> [SOURCE MATERIAL]

[Start of section]

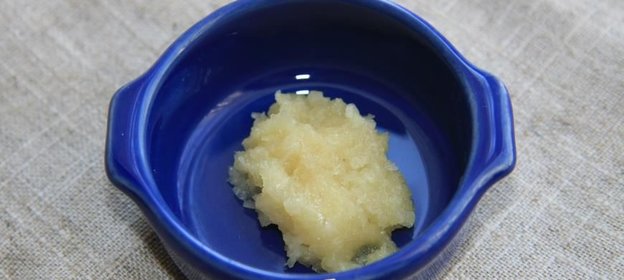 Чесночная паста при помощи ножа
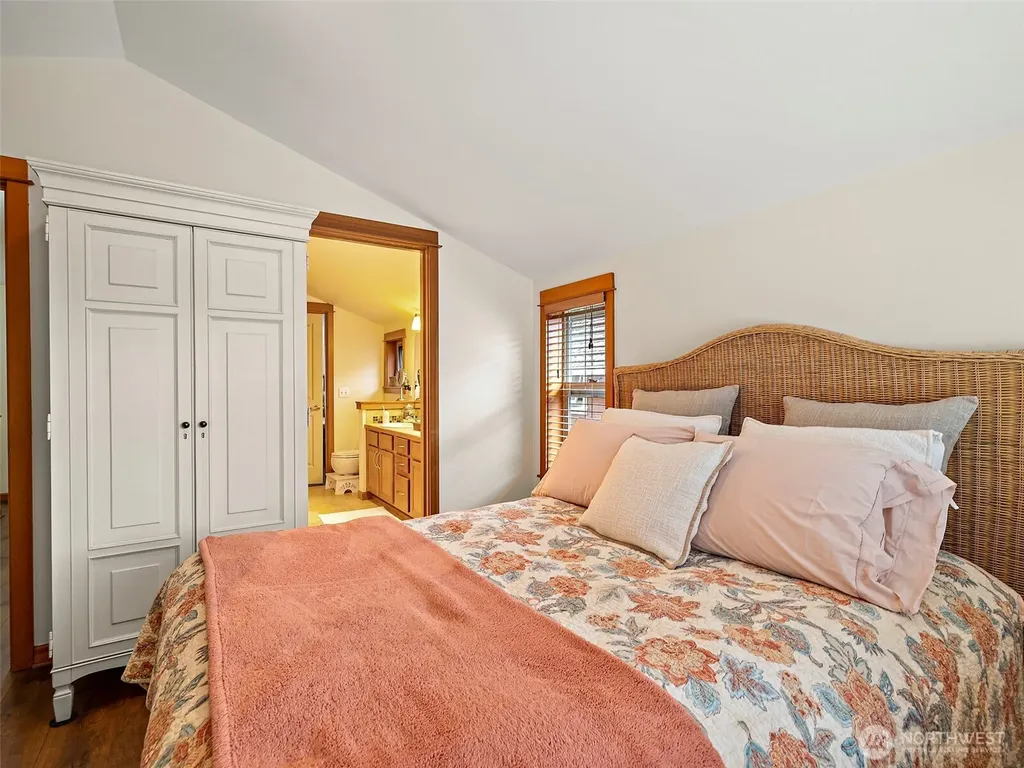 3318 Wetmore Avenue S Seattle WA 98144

[End of section]
[Start of section]

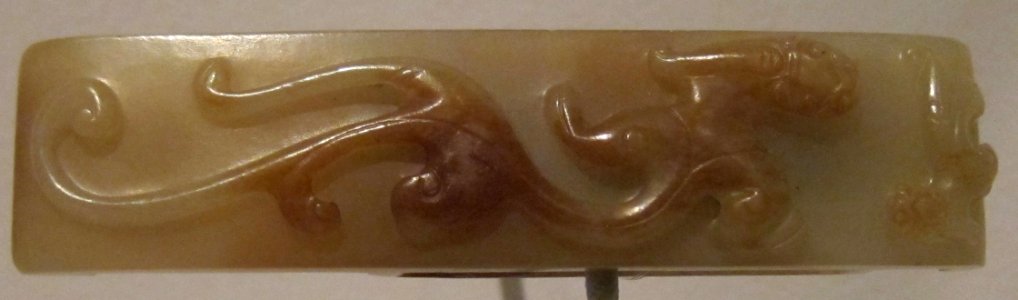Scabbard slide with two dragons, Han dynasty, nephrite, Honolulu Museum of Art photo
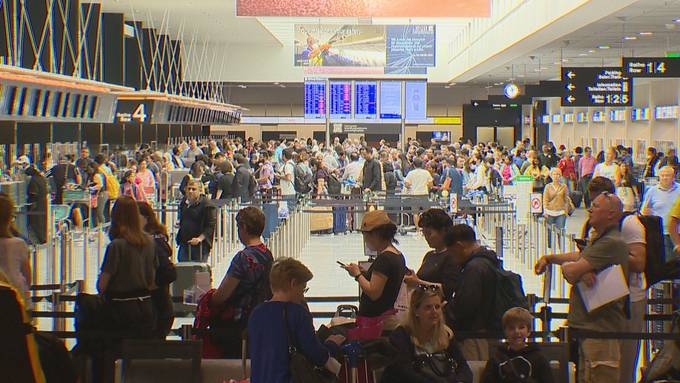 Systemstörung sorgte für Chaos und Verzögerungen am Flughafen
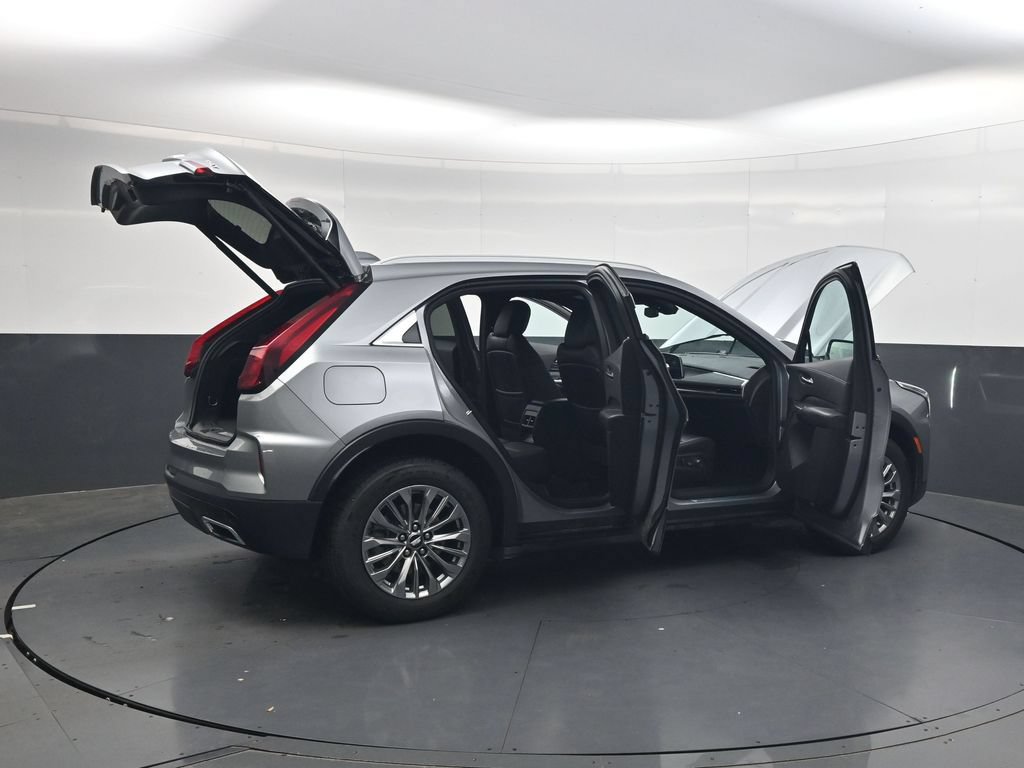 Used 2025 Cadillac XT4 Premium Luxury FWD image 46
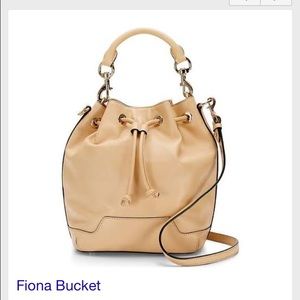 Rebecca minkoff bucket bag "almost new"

[End of section]

In the entries above, find the line that contains "Systemstörung sorgte für" and the line that contains "Rebecca minkoff bucket". Reproduce exactly those two lines and every line between them, but not the pictures.

> [COMPLETED TASK]
 Systemstörung sorgte für Chaos und Verzögerungen am Flughafen
 Used 2025 Cadillac XT4 Premium Luxury FWD image 46
 Rebecca minkoff bucket bag "almost new"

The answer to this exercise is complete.